Entry point 804 is taken if a particular form was filled out using the fuzzy logic 226. In that case, program control advances from the completed form analysis engine 800 to a form field compare program 1300. The entry point 806 corresponds to the case when the match engine 500 found the form within the history database 1200 and filled the form in automatically using a prior filled-out copy of the form as a guide. In this case, at step 822, the completed form is saved in the history database, as will be explained below (Figure 9).

Next, at step 824, all copies of the same form are retrieved from the history database 1200 and are compared, field by field, at step 826, by the history form compare program 233 to each other and to the newly completed form. Each field in each form is compared to the fields in the remaining forms. The history form compare program 233 asks the question: Is the same non-personal or symbolic data identifier linked to the same form field label in a majority of the forms or (preferably) in all of the forms? If not, then the forms are left in the history database 1200, and program control returns to the form fill proxy program 300.

If, for each and every field, the majority of the form field entries match, then at step 828, the new rule generator 234 generates rules governing the filling of the fields of this new form; and the generator 234 adds the new rules to the dictionary database 1000 along with the web address of the form and the list of rules. Finally, the copies of this form in the history database 1200, having served their purpose to govern the generation of new rules, are deleted from the history database 1200. Then program control terminates in the program 200 and is returned to the form fill proxy program 400.

Entry point 808 corresponds to the case where the form is returned blank and filled in entirely by the user. In this situation the form is transferred to the save in history database 900.

SAVING A FORM IN THE HISTORY DATABASE Figure 9 presents a block diagram of the save in history database program 900 that saves a completed form that has been reviewed and analyzed by the user in the history database 1200. The program 900 begins at step 902 by scanning the form, locating all of the field labels or identifiers. It then locates the corresponding literal personal information in each field of the form and, by looking up that personal information in the wallet database 1100 (1102 in Figure 11) for this user, takes out the personal information such as "Jerry" and replaces it with non-personal identifiers or symbolic names for the information, such as '<FirstName>', and thereby transforms the actual completed form into a representation of the form such as that shown in 1202 in Figure 12, where the web address of the form is followed by its field labels each linked to the non-personal identifier or symbolic name of the content of that field.
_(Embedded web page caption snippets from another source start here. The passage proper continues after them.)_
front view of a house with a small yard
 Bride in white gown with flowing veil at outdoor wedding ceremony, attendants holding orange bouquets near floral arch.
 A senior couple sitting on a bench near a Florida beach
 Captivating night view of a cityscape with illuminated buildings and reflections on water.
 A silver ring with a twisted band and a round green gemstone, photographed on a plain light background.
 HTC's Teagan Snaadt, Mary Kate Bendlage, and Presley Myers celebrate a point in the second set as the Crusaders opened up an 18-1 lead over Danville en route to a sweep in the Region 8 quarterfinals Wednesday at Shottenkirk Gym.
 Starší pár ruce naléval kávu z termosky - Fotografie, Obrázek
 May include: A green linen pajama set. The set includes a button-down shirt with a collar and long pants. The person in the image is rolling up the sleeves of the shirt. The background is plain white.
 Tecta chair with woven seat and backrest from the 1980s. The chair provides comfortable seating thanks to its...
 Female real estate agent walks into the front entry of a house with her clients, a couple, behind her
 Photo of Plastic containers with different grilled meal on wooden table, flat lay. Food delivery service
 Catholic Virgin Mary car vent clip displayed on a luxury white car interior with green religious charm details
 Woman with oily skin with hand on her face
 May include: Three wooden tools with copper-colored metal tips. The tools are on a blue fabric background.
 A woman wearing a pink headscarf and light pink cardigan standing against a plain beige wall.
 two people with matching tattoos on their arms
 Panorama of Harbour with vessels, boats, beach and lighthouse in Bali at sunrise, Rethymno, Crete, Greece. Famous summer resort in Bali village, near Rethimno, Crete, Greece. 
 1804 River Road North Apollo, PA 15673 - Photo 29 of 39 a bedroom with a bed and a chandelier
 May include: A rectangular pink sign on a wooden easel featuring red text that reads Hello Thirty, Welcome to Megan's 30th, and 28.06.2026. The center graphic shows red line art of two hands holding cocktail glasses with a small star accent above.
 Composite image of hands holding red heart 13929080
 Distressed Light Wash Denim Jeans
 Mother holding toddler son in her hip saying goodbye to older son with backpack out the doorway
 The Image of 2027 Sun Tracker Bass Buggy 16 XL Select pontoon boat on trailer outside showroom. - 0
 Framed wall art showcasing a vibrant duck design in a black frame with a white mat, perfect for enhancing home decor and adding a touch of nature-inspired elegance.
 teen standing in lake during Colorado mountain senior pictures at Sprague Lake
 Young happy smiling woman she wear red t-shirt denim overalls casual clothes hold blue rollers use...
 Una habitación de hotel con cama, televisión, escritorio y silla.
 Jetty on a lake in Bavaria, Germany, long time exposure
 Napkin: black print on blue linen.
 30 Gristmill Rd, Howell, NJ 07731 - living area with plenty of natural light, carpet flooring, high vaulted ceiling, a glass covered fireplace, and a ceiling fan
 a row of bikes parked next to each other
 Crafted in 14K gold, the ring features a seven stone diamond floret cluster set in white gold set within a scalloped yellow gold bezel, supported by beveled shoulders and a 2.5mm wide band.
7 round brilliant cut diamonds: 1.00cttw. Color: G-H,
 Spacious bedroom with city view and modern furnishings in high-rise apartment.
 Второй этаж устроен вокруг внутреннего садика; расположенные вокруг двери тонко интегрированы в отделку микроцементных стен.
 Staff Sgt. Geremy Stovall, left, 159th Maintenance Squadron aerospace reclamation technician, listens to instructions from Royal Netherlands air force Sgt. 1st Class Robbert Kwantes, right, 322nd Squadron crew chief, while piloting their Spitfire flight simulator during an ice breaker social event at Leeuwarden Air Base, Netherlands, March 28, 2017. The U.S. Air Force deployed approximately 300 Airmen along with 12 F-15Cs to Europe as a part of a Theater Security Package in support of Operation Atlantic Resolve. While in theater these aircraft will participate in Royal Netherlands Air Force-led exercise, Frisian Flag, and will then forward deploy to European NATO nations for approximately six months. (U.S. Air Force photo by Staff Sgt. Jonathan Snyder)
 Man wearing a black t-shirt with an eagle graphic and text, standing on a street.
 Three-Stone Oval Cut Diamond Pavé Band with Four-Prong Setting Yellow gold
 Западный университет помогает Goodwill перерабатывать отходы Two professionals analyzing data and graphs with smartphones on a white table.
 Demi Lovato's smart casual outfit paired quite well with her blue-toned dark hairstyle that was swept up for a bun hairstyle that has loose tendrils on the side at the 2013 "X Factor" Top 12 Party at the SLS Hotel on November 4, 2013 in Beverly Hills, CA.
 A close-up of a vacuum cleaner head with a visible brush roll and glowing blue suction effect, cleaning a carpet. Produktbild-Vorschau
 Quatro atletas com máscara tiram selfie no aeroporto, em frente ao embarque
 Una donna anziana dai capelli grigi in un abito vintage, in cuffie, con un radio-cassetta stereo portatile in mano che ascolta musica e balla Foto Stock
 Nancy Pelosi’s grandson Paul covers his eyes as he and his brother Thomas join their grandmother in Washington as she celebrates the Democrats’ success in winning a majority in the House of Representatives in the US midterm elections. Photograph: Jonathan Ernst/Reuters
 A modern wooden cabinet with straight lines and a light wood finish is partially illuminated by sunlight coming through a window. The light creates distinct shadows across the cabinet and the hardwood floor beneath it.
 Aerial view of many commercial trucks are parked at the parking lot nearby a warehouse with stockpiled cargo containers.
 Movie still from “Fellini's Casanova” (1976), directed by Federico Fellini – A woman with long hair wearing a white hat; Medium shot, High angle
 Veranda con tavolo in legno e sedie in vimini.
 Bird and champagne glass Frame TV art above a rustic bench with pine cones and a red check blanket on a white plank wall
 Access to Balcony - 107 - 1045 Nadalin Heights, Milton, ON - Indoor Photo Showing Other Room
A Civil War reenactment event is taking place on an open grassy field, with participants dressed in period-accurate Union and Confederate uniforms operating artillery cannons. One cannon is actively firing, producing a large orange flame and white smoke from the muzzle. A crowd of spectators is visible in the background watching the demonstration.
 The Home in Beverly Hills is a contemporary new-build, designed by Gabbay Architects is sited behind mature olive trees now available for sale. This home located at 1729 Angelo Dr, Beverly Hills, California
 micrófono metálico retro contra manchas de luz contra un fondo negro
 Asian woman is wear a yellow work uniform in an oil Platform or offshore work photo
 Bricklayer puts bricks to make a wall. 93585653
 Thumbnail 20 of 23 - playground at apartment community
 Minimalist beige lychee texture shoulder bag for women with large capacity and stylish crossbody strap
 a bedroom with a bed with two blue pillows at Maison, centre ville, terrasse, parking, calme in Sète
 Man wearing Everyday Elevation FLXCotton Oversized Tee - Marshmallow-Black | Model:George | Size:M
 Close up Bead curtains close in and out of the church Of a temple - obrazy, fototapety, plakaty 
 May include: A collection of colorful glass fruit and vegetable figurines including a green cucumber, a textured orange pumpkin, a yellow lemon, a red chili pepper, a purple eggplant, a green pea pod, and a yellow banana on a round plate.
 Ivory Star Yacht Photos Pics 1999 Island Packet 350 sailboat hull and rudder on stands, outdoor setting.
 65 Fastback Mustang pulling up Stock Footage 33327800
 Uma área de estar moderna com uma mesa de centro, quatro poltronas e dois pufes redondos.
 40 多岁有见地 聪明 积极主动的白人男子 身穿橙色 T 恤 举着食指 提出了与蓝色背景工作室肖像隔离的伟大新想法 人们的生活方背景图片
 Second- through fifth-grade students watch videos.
Finally, at step 904, the history unit 230 is called upon to place all of this information into the history database 1200 for use in guiding form completion the next time the same form is encountered. In the case of a first encounter with a form, such as the user name and password (or equivalent identifier) requesting form of Microsoft's HotMail service, that simply requests a user name and password (or equivalent), the literal data entered by the user may and probably will be new and will not be found in the wallet database 1100. In this special case, the history data base program 900 creates new non-personal identifiers or symbolic names for the literal data and actually commands the wallet data base to accept both the newly- created non-personal identifiers or symbolic names and the literal values and to save them as part of the data stored for this particular user. These newly created non-personal identifiers or symbolic names are then linked with the form, along with the field labels, when the form is added to the history data base. In this manner, user names and passwords (or their equvalent) may be gathered from users and saved in the wallet database 1100.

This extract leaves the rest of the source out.